A journalist once asked Timothy Leary what people should do after they “turn on.” Tim said, “Find the others.” Every day, I feel incredibly fortunate that Boing Boing helps me do that.

I’ve noticed that most of the time there’s something about the occult on Boing Boing, it’s posted by you. Sometimes Mark, but mostly you. How did you get interested in the occult? What attracted you to it?

Well, I’ve been interested in weird phenomena and fringe ideas since I was a child. I was always looking up Bigfoot, UFOs, and telekinesis at the library. Now, I realize of course that the Occult doesn’t necessarily connect to those things, and those things don’t necessarily connect to each other. But in my head at least it’s all related as a curiosity about the strange.

Yeah, I think that’s how it starts for a lot of people. It was exactly the same way for me.

Much later, I discovered Robert Anton Wilson and Cosmic Trigger became a port of entry for me. Or maybe a “port of exit.”

Are you now, or have you ever been, a practicing magician or are you just interested in the history, the culture, etc.?

The latter. I find the history, the “characters,” and the aesthetic to be fascinating. I guess I’m a bit of a poseur in that regard.

It reminds me of something that Rudy Rucker once said about the psychedelic side of the early cyberculture. He said he liked reading about people’s drug trips, and hearing what they learned, but didn’t have much interest in taking drugs himself.

That’s how I am now, actually. I tried a lot of magical experiments over the years, but now I’m mostly interested in history and how ideas from the occult have ended up penetrating science and other areas.

Exactly! The historical connections between science, technology, art, and the occult are fascinating.
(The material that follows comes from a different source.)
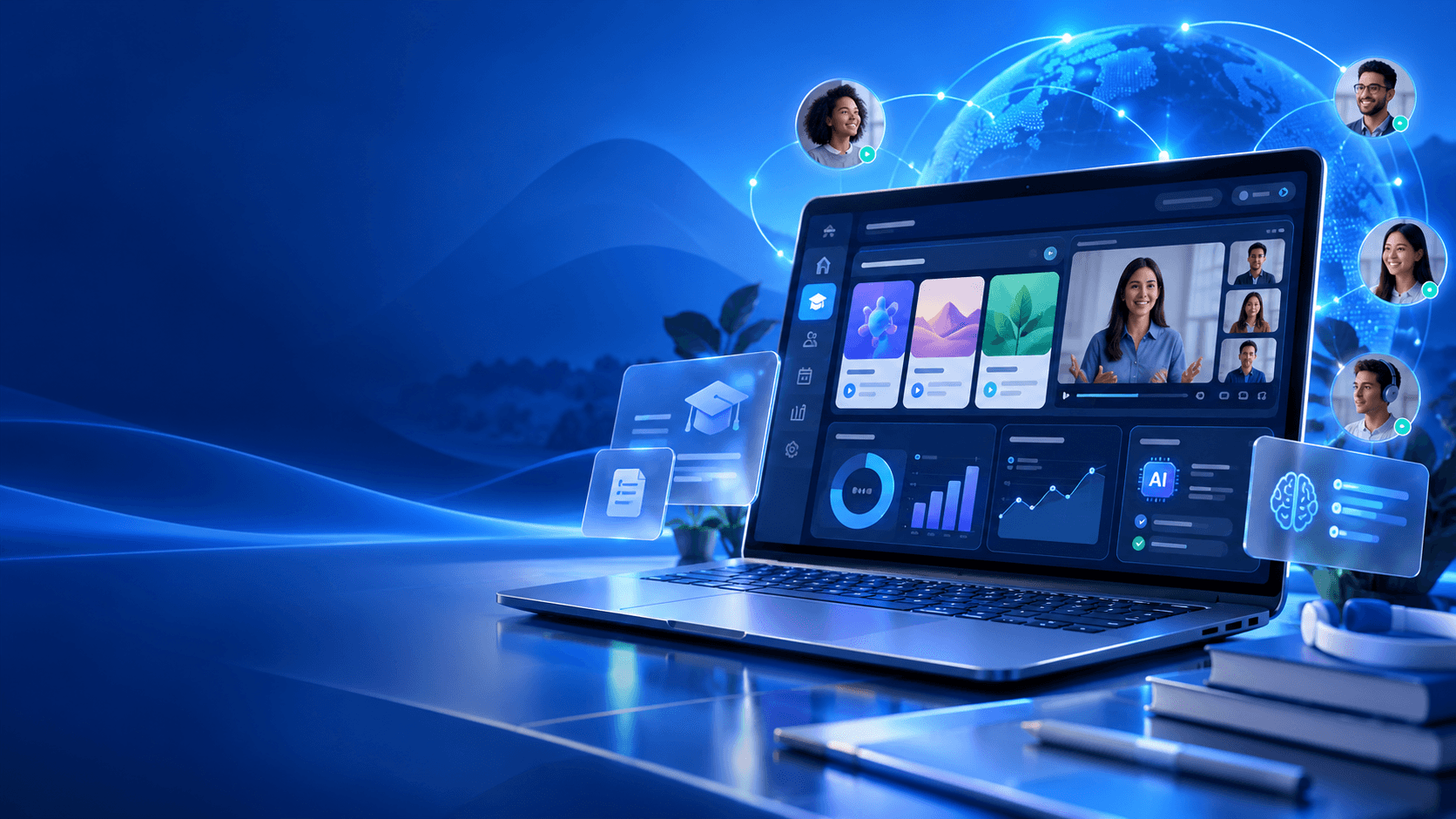 Learning Management System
In many ways, it seems that people were using different metaphors to describe the same amazing, wonderful things.

I could be wrong, but it seems like occult related posts on BB have actually increased over the past couple years – you had Mitch Horowitz guest blog there, for instance. Has this raised any eyebrows, elicited any significant negative response?

My interest in the subject, in any subject, ebbs and flows, probably based in part on the people I encounter in the “real world.” And perhaps it’s been flowing again recently.
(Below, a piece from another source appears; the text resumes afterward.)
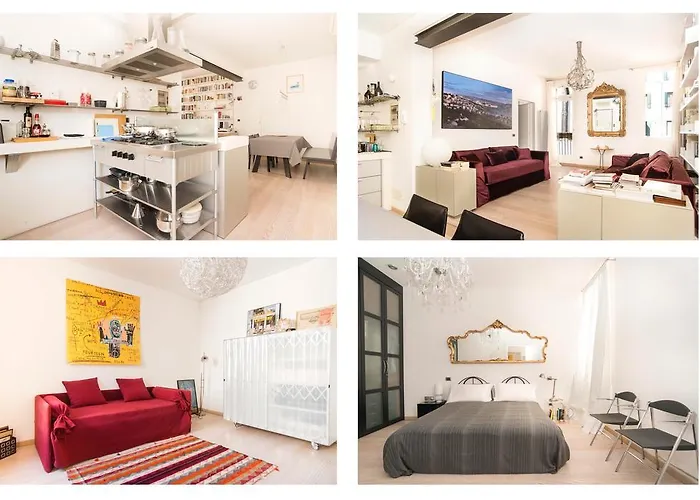 Ghetto Venezia Apartment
Boing Boing is a group blog, and we have as many opinions as we do contributors. We usually don’t discuss what any of us are going to post about, and we certainly don’t judge what each other may be interested in at the moment. The only filter I need to have when determining whether to post something is if it’s interesting to me.

Now, we also post a great deal about traditional science on Boing Boing. And are often critical about organized religion. So some commenters who may be Rationalists or Skeptics (note the capitals) might experience a disconnect when a post about James Randi is followed a few days later by an essay by my friend Jacques Vallee. But in my opinion, that perceived dissonance is part of Boing Boing’s magic. Or rather, magick. ; )

As my friend Jody Radzik of Guruphiliac pointed out to me, Boing Boing as a whole appeals to the full spectrum of “geekdom.” And that spectrum includes scientists, conspiracy theorists, hardcore rationalists, diehard skeptics, New Agers, Forteans, paranormal investigators, cryptozoologists, etc. And I appreciate that diversity!

And while there may not be enough evidence, in my opinion, to support a far-out idea that someone is presenting on Boing Boing, I still enjoy pausing for a moment and saying “What if?”

What is the most far-out, fringe or incredible idea that you think might actually be correct?

From the very first time I encountered Jacques Vallee’s idea that we’re living in a Control System, and also read similar ideas from John Keel, Hans Moravec, Rudy Rucker, and others, I’ve always gone back to that notion whenever I want to blow my own mind.And this was decades before The Matrix.

Could you elaborate on that idea?

In recent years, mathematicians, phlosophers, and physicists like Nick Bostrom, Ed Fredkin, Stephen Wolfram, Seth Lloyd, and others have explored the idea that we’re living in a simulation or that the universe is a quantum computer.

Now, I don’t pretend to understand the physics or math underlying these theories, and I recognize that they are just theories and difficult to prove, but the very fact that so many brilliant people from a variety of disciplines are seriously asking these questions delights me to no end.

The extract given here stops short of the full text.